I have run the code of deepstream_parallel_inference_app successfully. But this code should be run at the deepstream 6.1.1.
I try to run the code at deepstream 5.1, and copy many sources files to the current environment. And I rebuild corresponding files, got an error as below:
I have checked the files mentioned in the error, and found the function had been defined in the file. I’m confused why cause such error:
Hope response
No. deepstream_parallel_inference_app is not supported by DeepStream 5.1.
Sir,I want to use this code at deepstream5.1, just because If I upgrade my deployment, it would cause huge work.
I know it is hard to deploy, I just want to try. During deploying, I have upgrade the gcc and g++ version, reinstall the correct version of yaml-cpp. And I also move many source files to corresponding path, such as all the files in /opt/nvidia/deepstream/deepstream-6.1/sources/includes & /opt/nvidia/deepstream/deepstream-6.1/sources/libs & /opt/nvidia/deepstream/deepstream-6.1/sources/gst_plugins & /opt/nvidia/deepstream/deepstream-6.1/sources/apps/apps-common,that almost files have been update.
Unfortunately, I still got an error when build the file of deepstream_paraller_infer. I checked the source code, and found it is unreasonable, because I can find the function defined in the header file. I’m not clear why it cause such error.
We understand. But the DeepStream 5.1 does not support the parallel app. Some new features inside DeepStream core are needed. Sorry, but it is not supported.
Thanks. Is it possible to run the docker container at the jetson4.2.1 which is suitable for deepstream5.1. I have try to run the deepstream6.1.1-triton images, but get the error that request CUDA version should be not less than 11.4。 But I think the CUDA-11.4 have been install in the images. —Just the host machine with CUDA 10.2 installed.
No. CUDA is not installed inside the docker. It uses the CUDA in host machine.
So, Is it possible to run the container by install the CUDA -11.4 inside to avoid such error?
I run the docker container by the parameter: --runtime=nvidia. If I want to use the CUDA inside container, should I remove this parameter?
Theoretically it is possible.
No. This option is mandatory. It is not for CUDA only.
Does it mean if the CUDA inside docker container would be first detected, if installed, CUDA in host machine would be discarded. If no CUDA detected in the docker container, CUDA in host machine would be used for the container?
It is clearly that I can find the CUDA installed inside the docker container:
I have tried to add the CUDA path to the environment variable in docker images, and run the container in Jetson Xiaver NX with Jetson4.5.1, but got the following error:
It seems the driver version to be lower? Could you pls told me how to upgrade the driver version。
Our environment shown below: --I can’t see the driver version?
Please provide complete information as applicable to your setup.
• Hardware Platform (Jetson / GPU)
• DeepStream Version
• JetPack Version (valid for Jetson only)
• TensorRT Version
• NVIDIA GPU Driver Version (valid for GPU only)

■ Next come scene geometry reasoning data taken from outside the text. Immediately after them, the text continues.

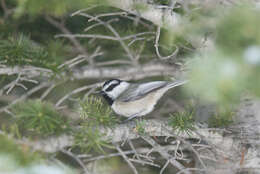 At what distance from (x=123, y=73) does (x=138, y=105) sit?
0.47 m

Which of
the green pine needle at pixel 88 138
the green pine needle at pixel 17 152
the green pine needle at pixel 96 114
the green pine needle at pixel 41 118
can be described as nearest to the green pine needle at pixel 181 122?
the green pine needle at pixel 96 114

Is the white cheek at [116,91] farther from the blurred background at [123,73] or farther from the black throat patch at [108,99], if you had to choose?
the blurred background at [123,73]

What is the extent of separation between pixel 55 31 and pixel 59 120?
1.79 m

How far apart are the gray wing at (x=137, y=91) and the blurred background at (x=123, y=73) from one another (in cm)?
21

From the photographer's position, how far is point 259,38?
96 cm

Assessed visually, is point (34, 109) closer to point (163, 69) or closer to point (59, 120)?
point (59, 120)

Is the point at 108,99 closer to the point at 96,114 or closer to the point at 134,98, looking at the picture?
the point at 134,98

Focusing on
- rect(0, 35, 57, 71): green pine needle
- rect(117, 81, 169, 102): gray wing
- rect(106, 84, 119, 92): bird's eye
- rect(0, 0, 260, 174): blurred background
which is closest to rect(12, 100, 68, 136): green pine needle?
rect(0, 0, 260, 174): blurred background

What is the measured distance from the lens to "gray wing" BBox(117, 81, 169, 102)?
2.40m

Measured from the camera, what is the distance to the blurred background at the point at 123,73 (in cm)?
98

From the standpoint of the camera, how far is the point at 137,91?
8.40 ft

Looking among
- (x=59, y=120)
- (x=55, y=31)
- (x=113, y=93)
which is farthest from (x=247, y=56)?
(x=55, y=31)

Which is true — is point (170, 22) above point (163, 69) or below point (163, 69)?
above

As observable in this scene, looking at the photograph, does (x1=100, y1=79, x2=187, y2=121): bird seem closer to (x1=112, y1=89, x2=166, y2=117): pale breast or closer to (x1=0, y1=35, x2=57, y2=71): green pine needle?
(x1=112, y1=89, x2=166, y2=117): pale breast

• Issue Type( questions, new requirements, bugs)
It’s my current environment:
I have installed the cuda of 11.7 inside the docker images( deepstream6.1.1), and when I run this docker images,and just get the error mentioned before.
And this images can be run successfully at the environment of jetpackage5.0.2 which is official recommendation at Jetson Xiaver NX card. —And I also ran similar container basing on the deepstream6.1.1 for x86 version, it is also worked.
No. You should prepare the docker from baremetal. All things should be installed manually. The cuda dependency is not the only dependency for DeepStream docker containers.
Do you mean I need to build my images from the dockerfile mentioned in the official document?
No. That may not help you. It is not recommended to run docker with full installation on Jetson, it will be too large. So all the base l4t dockers are using mapped divers and libraries. You need to build a whole new docker from empty. The best way is to upgrade your Jetson device to the latest JetPack version.
We deployed some services on the Jetson device, And I just want to upgrade my docker. If the whole Jetpack need to upgrade, it would cause too much work… That’s why I try to test the new docker images.
It is not recommended. To generate a whole new docker image is also a big effort.
Yes, I want to build a new docker image as your suggestion. In my understanding, I can build the docker images as per the information indicated in official document which I show the snapshot before. Am I right?
No. The instruction in the document is based on the prerequisite that the docker shared the same driver and libraries with host. So it is no use for you.
Is there any information I can learn how to build the image from base?
What kind of base image do you mean? such as nvcr.io/nvidia/l4t-base:r35.1.0 or someone else?